Image-text web data
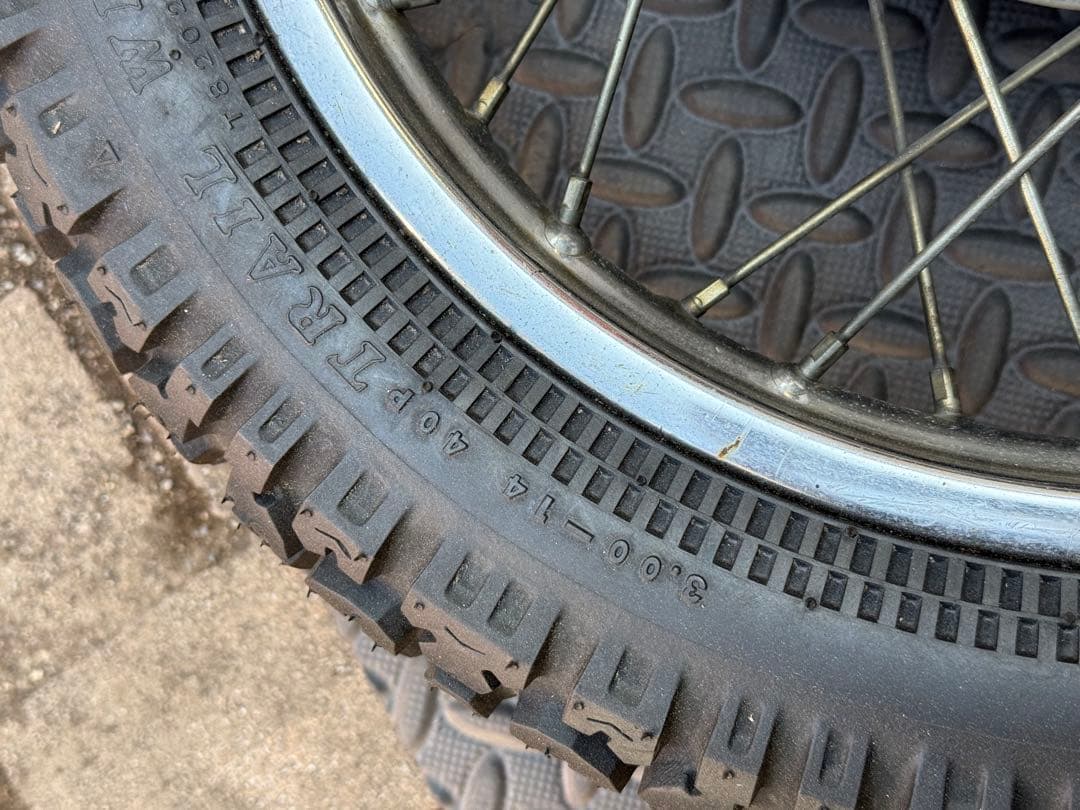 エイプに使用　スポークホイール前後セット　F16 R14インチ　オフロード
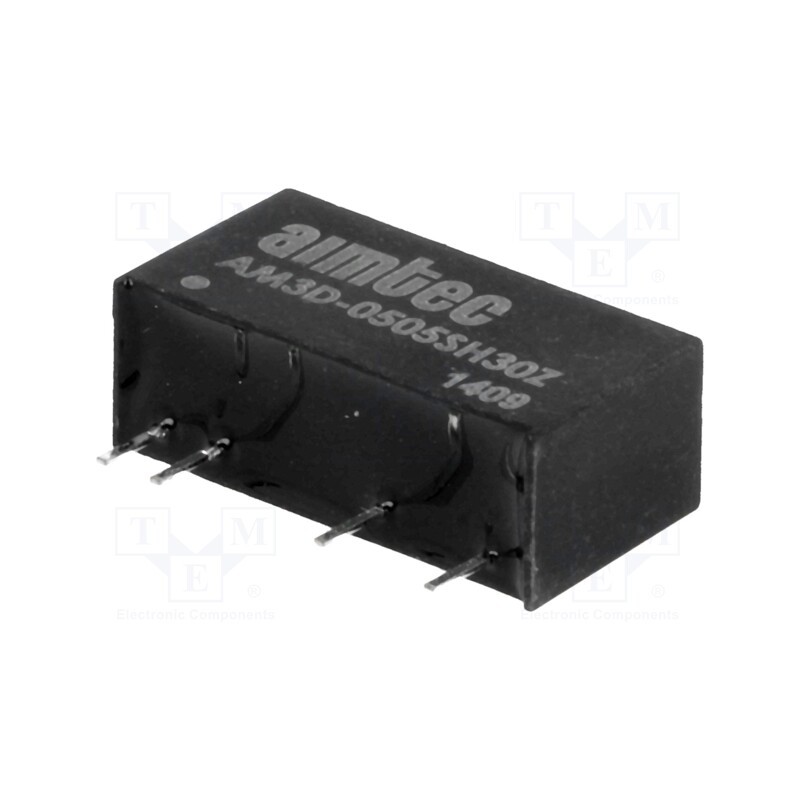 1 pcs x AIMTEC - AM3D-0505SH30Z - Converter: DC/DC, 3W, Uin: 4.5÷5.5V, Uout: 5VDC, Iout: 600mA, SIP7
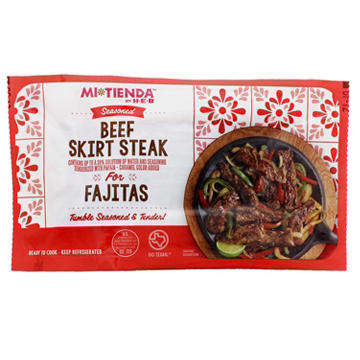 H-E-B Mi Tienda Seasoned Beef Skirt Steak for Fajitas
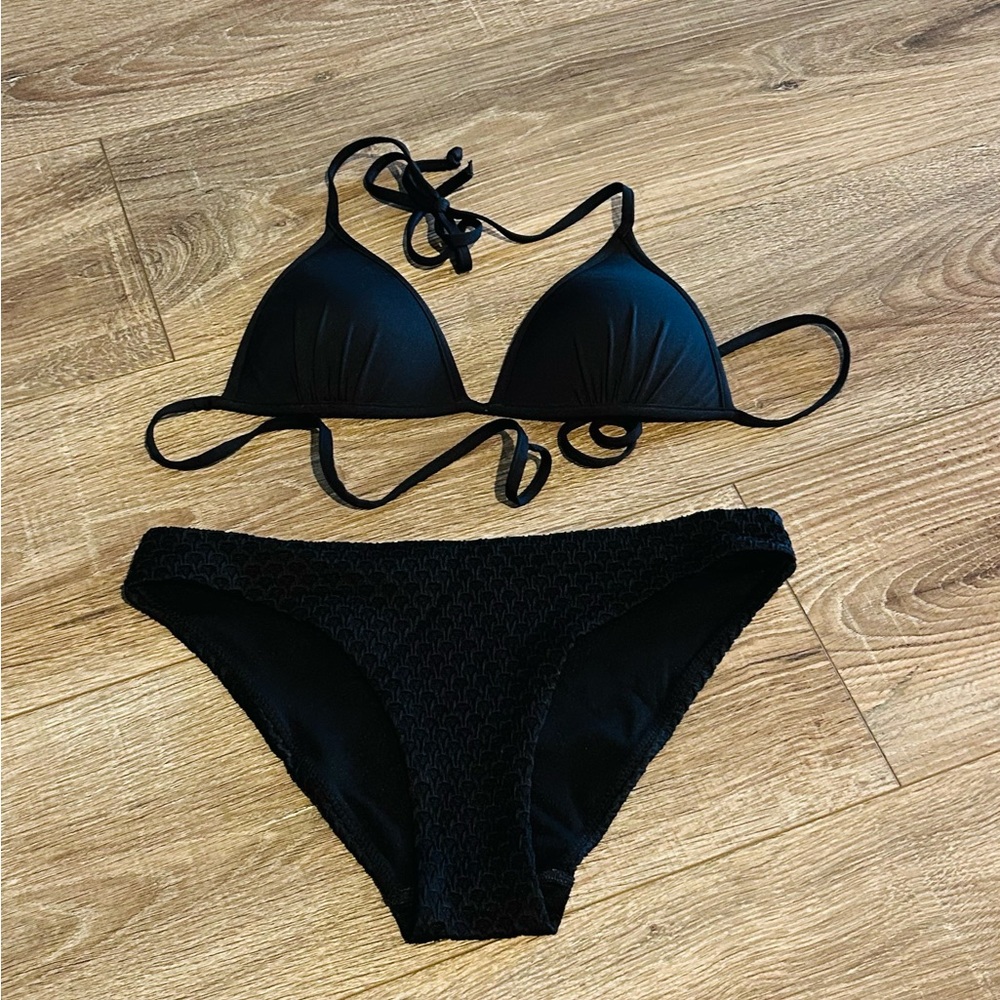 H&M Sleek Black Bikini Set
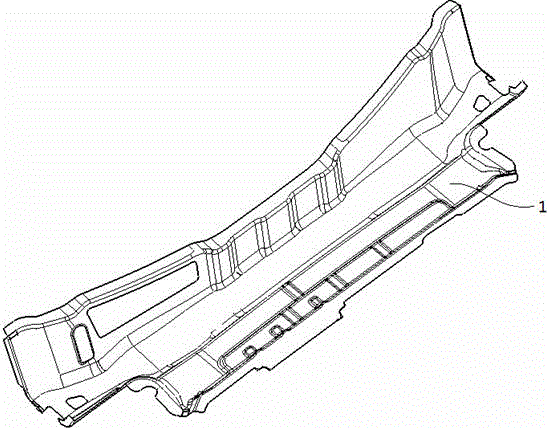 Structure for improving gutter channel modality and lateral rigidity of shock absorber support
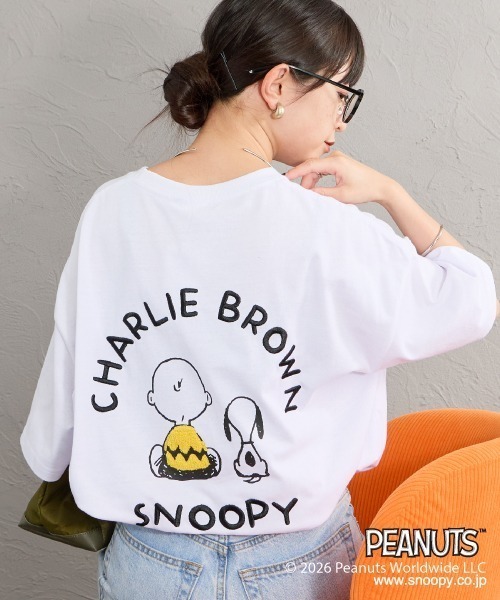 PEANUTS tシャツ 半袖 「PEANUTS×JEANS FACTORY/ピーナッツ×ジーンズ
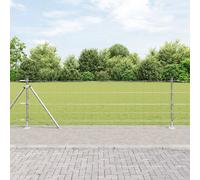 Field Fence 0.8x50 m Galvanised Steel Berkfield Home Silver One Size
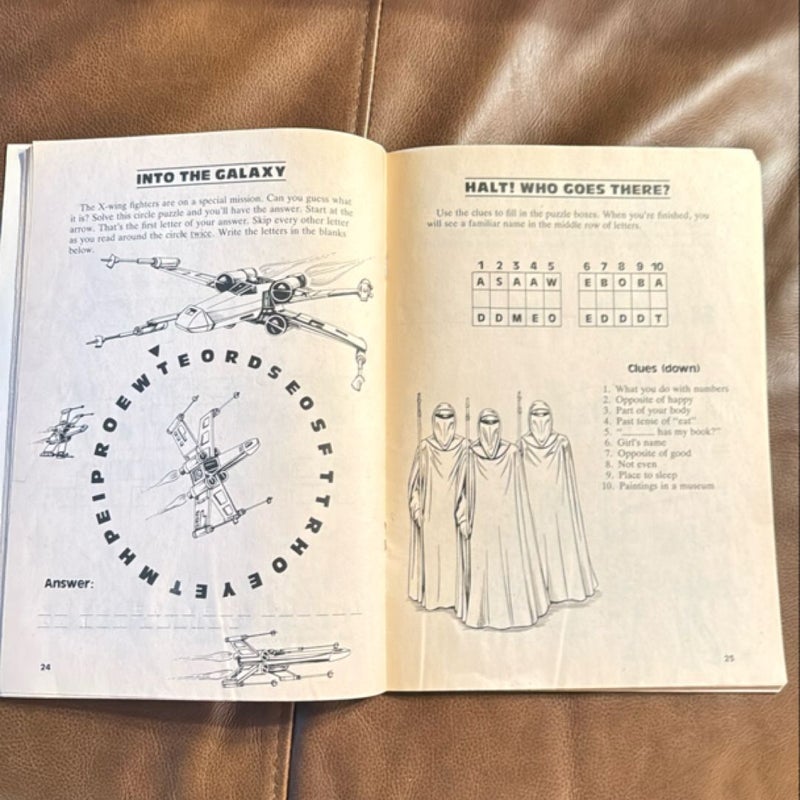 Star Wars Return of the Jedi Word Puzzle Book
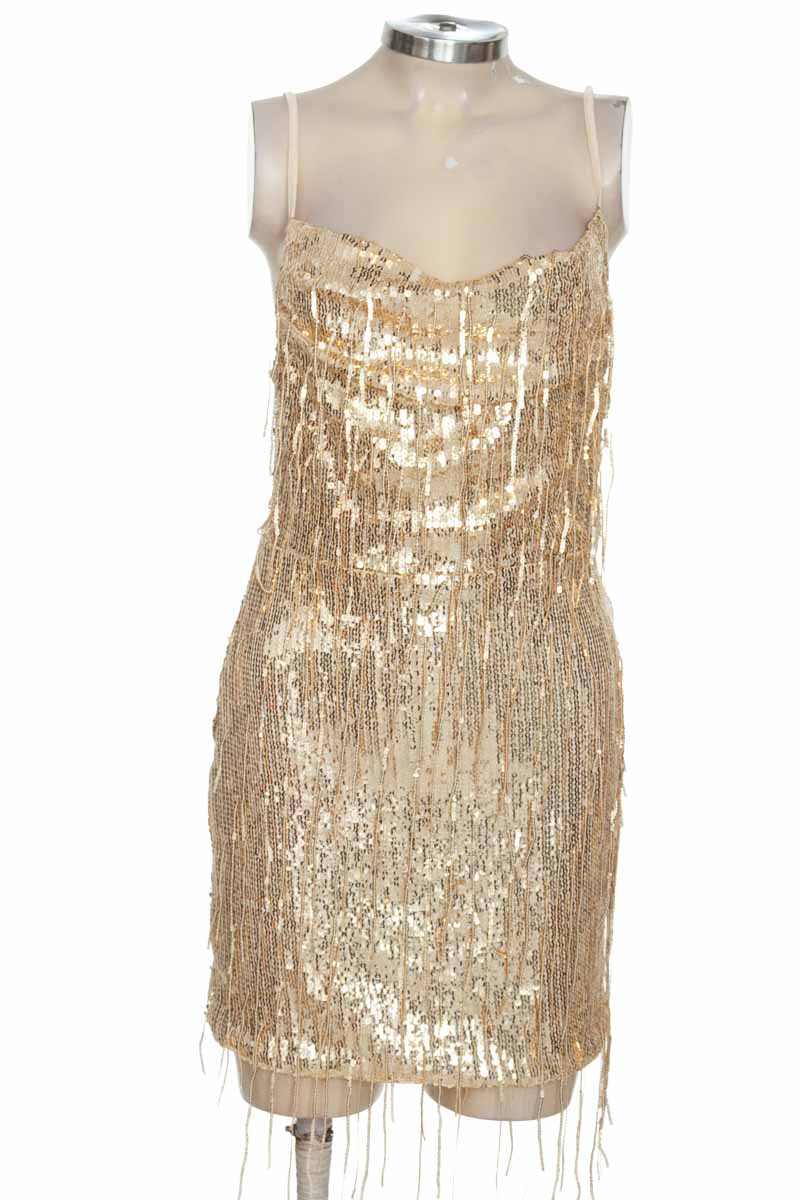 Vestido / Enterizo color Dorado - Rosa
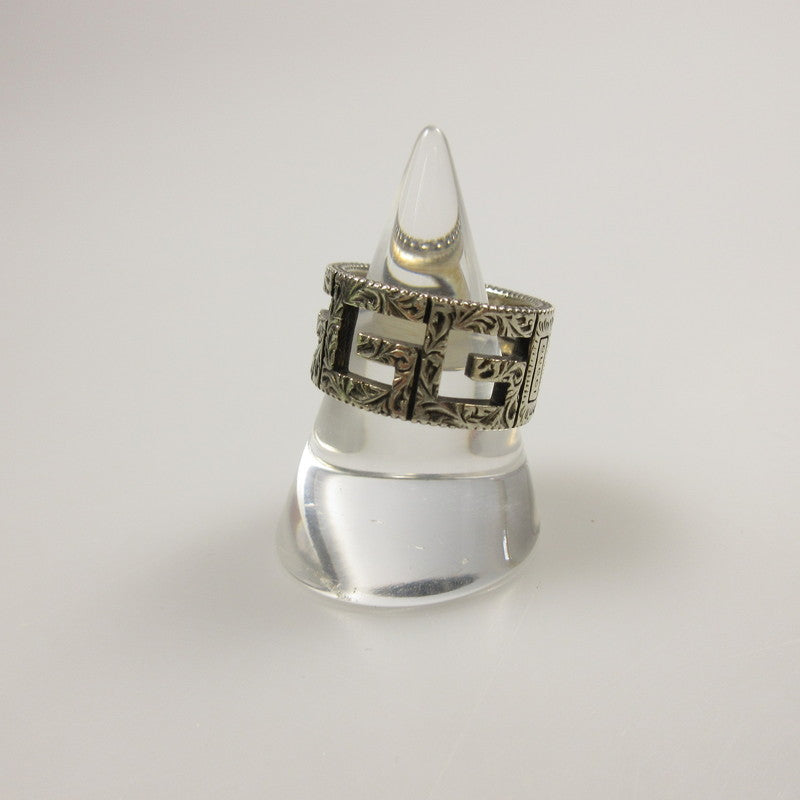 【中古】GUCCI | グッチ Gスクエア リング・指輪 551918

**TASK OBJECTIVE**
Restate the records word for word, omitting images.

**RESULT**
 エイプに使用　スポークホイール前後セット　F16 R14インチ　オフロード
 1 pcs x AIMTEC - AM3D-0505SH30Z - Converter: DC/DC, 3W, Uin: 4.5÷5.5V, Uout: 5VDC, Iout: 600mA, SIP7
 H-E-B Mi Tienda Seasoned Beef Skirt Steak for Fajitas
 H&M Sleek Black Bikini Set
 Structure for improving gutter channel modality and lateral rigidity of shock absorber support
 PEANUTS tシャツ 半袖 「PEANUTS×JEANS FACTORY/ピーナッツ×ジーンズ
 Field Fence 0.8x50 m Galvanised Steel Berkfield Home Silver One Size
 Star Wars Return of the Jedi Word Puzzle Book
 Vestido / Enterizo color Dorado - Rosa
 【中古】GUCCI | グッチ Gスクエア リング・指輪 551918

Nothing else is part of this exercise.